Incremental patches to update what is in 'next' would let us try out
the new arragement to drive the tests from the main "make test"
eaarlier.  Post release, a new iteration could replace the series
wholesale as we will have an opportunity to rebuild 'next', but it
would be nice for the end states to match, if you were to do both.

Thanks.
Josh Steadmon Nov. 15, 2023, 9:28 p.m. UTC | #5
On 2023.11.13 13:49, Jeff King wrote:
> On Mon, Nov 13, 2023 at 05:00:37PM +0000, Johannes Schindelin via GitGitGadget wrote:
> 
> > This is a late amendment of 19ec39aab54 (ci: stop linking the `prove`
> > cache, 2022-07-10), fixing a bug that had been hidden so far.
> 
> We don't seem to have that commit in Junio's tree; it is only in
> git-for-windows.
> 
> Not that we should not fix things if they are broken, but I am trying
> to understand if git/git is experiencing the same bug. It sounds like
> not yet, though from looking at 19ec39aab54, I would expect to get these
> doubled runs any time we store the prove state. But maybe without that
> commit our state-file symlink is going somewhere invalid, and prove
> fails to actually store anything?
> 
> > But starting with that commit, we run `prove` _twice_ in CI, and with
> > completely different sets of tests to run. Due to the bug, the second
> > invocation re-runs all of the tests that were already run as part of the
> > first invocation.

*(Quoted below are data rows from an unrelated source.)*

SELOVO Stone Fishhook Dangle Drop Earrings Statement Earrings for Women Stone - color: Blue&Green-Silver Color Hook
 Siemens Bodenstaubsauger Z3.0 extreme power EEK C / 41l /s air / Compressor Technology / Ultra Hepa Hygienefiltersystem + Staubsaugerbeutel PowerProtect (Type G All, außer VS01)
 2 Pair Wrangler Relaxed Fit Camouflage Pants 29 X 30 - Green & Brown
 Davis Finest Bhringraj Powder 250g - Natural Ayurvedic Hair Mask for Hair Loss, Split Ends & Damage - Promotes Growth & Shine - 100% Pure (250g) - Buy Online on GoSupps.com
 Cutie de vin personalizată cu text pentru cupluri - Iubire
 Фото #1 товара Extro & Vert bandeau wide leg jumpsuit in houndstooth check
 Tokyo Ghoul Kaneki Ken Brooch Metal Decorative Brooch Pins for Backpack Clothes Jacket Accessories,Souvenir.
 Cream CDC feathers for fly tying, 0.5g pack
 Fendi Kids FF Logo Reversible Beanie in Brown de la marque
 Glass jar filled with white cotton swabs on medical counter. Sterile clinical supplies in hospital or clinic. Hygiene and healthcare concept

This not only wastes build minutes, it also frequently
> > causes the `osx-*` jobs to fail because they already take a long time
> > and now are likely to run into a timeout.
> > 
> > The worst part about it is that there is actually no benefit to keep
> > running with `--state=slow,save`, ever since we decided no longer to
> > try to reuse the Prove cache between CI runs.
> > 
> > So let's just drop that Prove option and live happily ever after.
> 
> Yes, I think this is the right thing to do regardless. If we are not
> saving the state to use between two related runs, there is no point
> storing it in the first place.
> 
> I do have to wonder, though, as somebody who did not follow the
> unit-test topic closely: why are the unit tests totally separate from
> the rest of the suite? I would think we'd want them run from one or more
> t/t*.sh scripts. That would make bugs like this impossible, but also:
> 
>   1. They'd be run via "make test", so developers don't have to remember
>      to run them separately.
> 
>   2. They can be run in parallel with all of the other tests when using
>      "prove -j", etc.

The first part is easy, but I don't see a good way to get both shell
tests and unit tests executing under the same `prove` process. For shell
tests, we pass `--exec '$(TEST_SHELL_PATH_SQ)'` to prove, meaning that
we use the specified shell as an interpreter for the test files. That
will not work for unit test executables.

We could bundle all the unit tests into a single shell script, but then
we lose parallelization and add hoops to jump through to determine what
breaks. Or we could autogenerate a corresponding shell script to run
each individual unit test, but that seems gross. Of course, these are
hypothetical concerns for now, since we only have a single unit test at
the moment.

There's also the issue that the shell test arguments we pass on from
prove would be shared with the unit tests. That's fine for now, as
t-strbuf doesn't accept any runtime arguments, but it's possible that
either the framework or individual unit tests might grow to need
arguments, and it might not be convenient to stay compatible with the
shell tests.

Personally, I lean towards keeping things simple and just running a
second `prove` process as part of `make test`. If I was forced to pick a
way to get everything under one process, I'd lean towards autogenerating
individual shell script wrappers for each unit test. But I'm open to
discussion, especially if people have other approaches I haven't thought
of.
Johannes Schindelin Nov. 16, 2023, 8:42 a.m. UTC | #6
Hi Josh,

On Wed, 15 Nov 2023, Josh Steadmon wrote:

> On 2023.11.13 13:49, Jeff King wrote:
> >
> > why are the unit tests totally separate from the rest of the suite? I
> > would think we'd want them run from one or more t/t*.sh scripts. That
> > would make bugs like this impossible, but also:
> >
> >   1. They'd be run via "make test", so developers don't have to remember
> >      to run them separately.
> >
> >   2. They can be run in parallel with all of the other tests when using
> >      "prove -j", etc.
>
> The first part is easy, but I don't see a good way to get both shell
> tests and unit tests executing under the same `prove` process. For shell
> tests, we pass `--exec '$(TEST_SHELL_PATH_SQ)'` to prove, meaning that
> we use the specified shell as an interpreter for the test files. That
> will not work for unit test executables.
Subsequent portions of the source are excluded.